Un petit nombre de ces Irlandais put sortir de la misère, s'élever socialement et donc faire vivre des loges de plus en plus nombreuses avec, finalement, des nobles à leur tête tels lord Blessington en 1756 (3e GM) ou le duc d'Atholl en 1771 (6e GM, membre de la famille royale). Ils réussirent à se faire reconnaître par les Grandes Loges d’Irlande et d’Ecosse comme seule régulière, car seule fidèle aux "anciens usages" et signèrent un pacte de reconnaissance en 1772.

Certes, les différences rituelles existaient mais, selon Richard Berman (Schism: The Battle That Forged Freemasonry), elles étaient secondaires et furent bien vite oubliées face au danger de l'interdiction des sociétés secrètes et à un ennemi commun, la France révolutionnaire.[1] En fait la principale différence est, comme nous l'avons vu, sociale.

La première GL à Londres, représentait l'establishment, la noblesse, la magistrature, les affaires, le barreau, le commerce.... en province, les propriétaires terriens... Les loges des Antients étaient plutôt anti-establishment. De là vint leurs succès dans les colonies et, surtout, en Amérique où l'on retrouva le clivage Moderns, pro-establishment et attachés à la mère patrie anglaise avec les Antients, anti-establishment et pour l'indépendance. Au moment de la guerre d'Indépendance américaine (1776-1783), il y avait des LL:. très distinctes dans chaque colonie selon qu'elles étaient pour le statu quo ou pour l'indépendance.

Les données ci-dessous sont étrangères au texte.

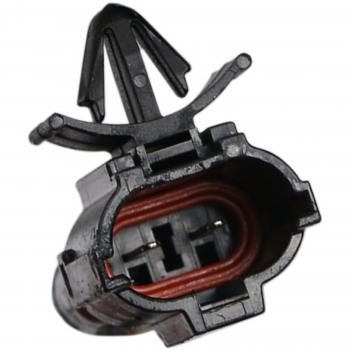 2002 Kia Sportage Power Window Motor and Regulator Assembly Rear Right TrakMotive 210900 image 3 of 4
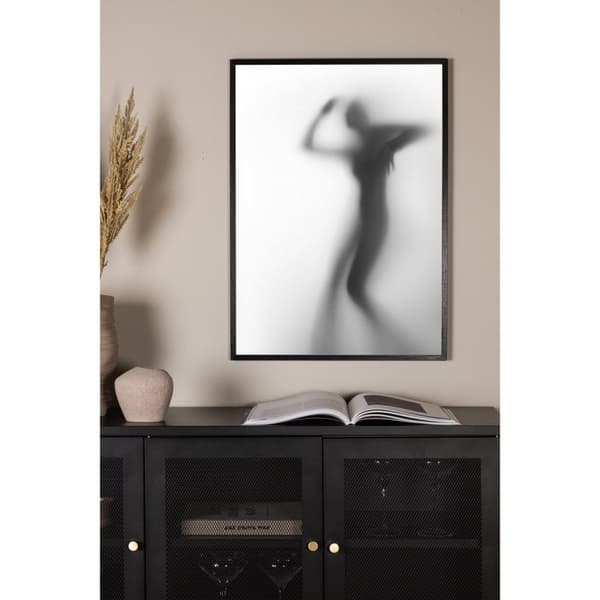 Manshade Poster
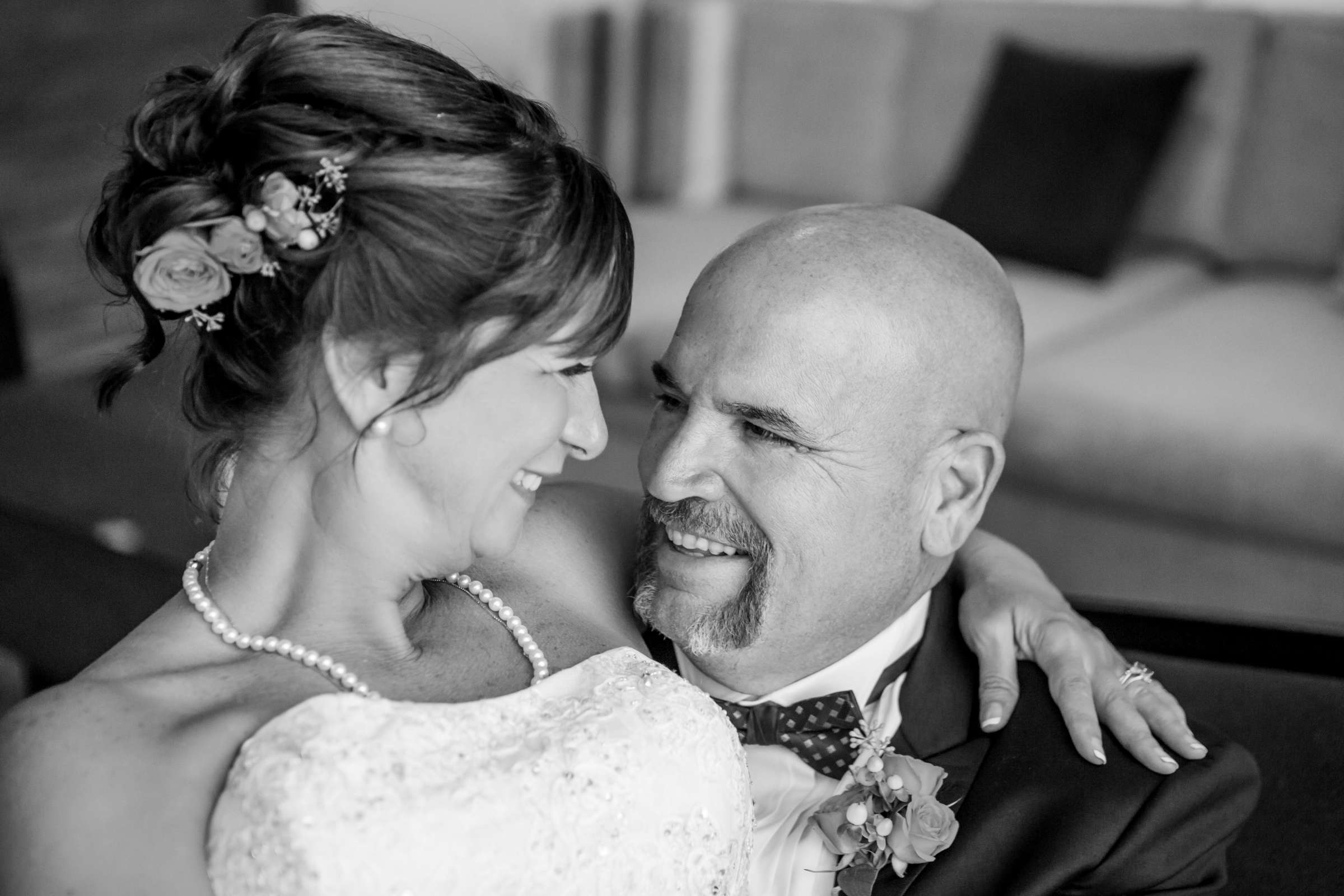 Wedding coordinated by Holly Kalkin Weddings, Deborah and Steve Wedding Photo #399742 by True Photography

Terminé le 2 décembre 2016 [2]

 

[1] En 1799, le gouvernement de Pitt décréta le Unlawful Societies Act visant à interdire les sociétés secrètes. L'intervention du GM des Antients, le duc d'Atholl, et de celui des Moderns, le comte de Moira, en exempta la franc-maçonnerie à condition que les lieux de réunion et le nom des membres soient déclarés au juge de paix du comté ou au sheriff. Cette obligation resta légale et obligatoire jusqu'en 1967. Ce fut la cause première de leur union qui, au début du XIXe siècle, n'avait plus de raison d'être. Elle fut réalisée officiellement en 1813 mais était déjà chose faite à la base depuis une décennie ou plus.
C'est aussi la raison pour laquelle les nombreuses loges écossaises qui n'avaient pas rejoint la Grande Loge d'Ecosse acceptèrent son "autorité" parce que c'était la seule protection contre leur éventuelle interdiction. 1799 est donc une année clé dans son évolution…

[2] Jour anniversaire du Sacre de l'Empereur et de sa victoire d'Austerlitz, du coup d'Etat et de Sacre de son neveu.